==== Entries supplied

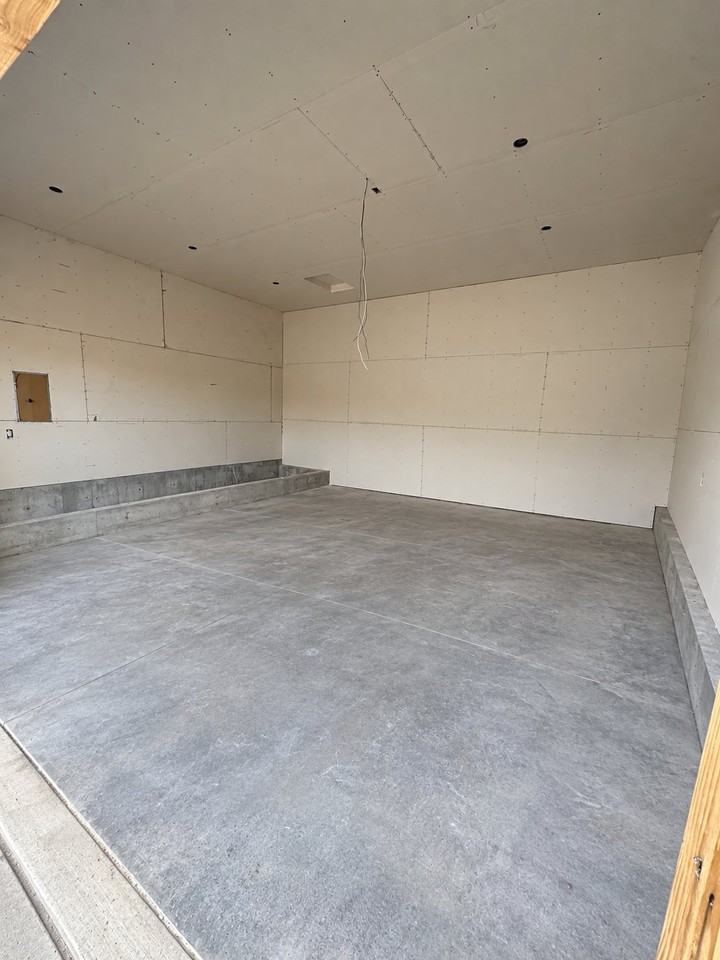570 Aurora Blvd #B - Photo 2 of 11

========
==== Entries supplied

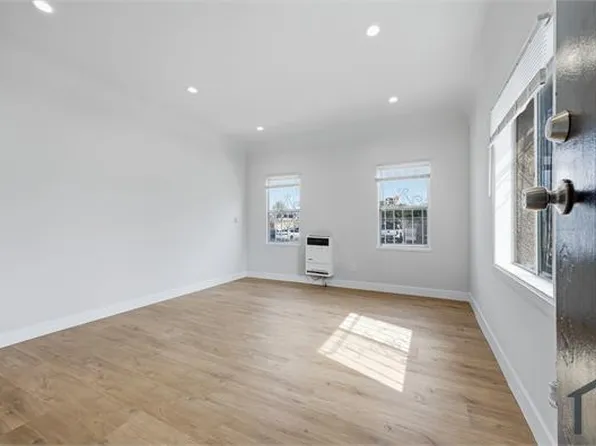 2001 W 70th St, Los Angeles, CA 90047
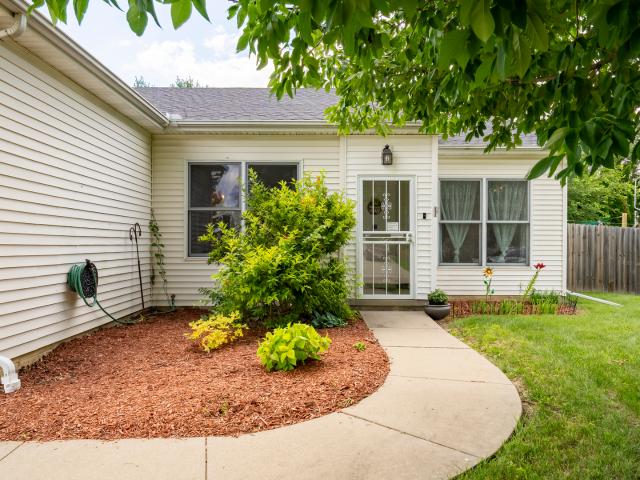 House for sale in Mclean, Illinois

========

# Required action
Extract, without any images, the part of the material above that opens with the line containing "2001 W 70th St, Los Angeles, CA 90047" and closes with the line containing "House for sale in Mclean, Illinois", both lines included.

# Output for this exercise
 2001 W 70th St, Los Angeles, CA 90047
 House for sale in Mclean, Illinois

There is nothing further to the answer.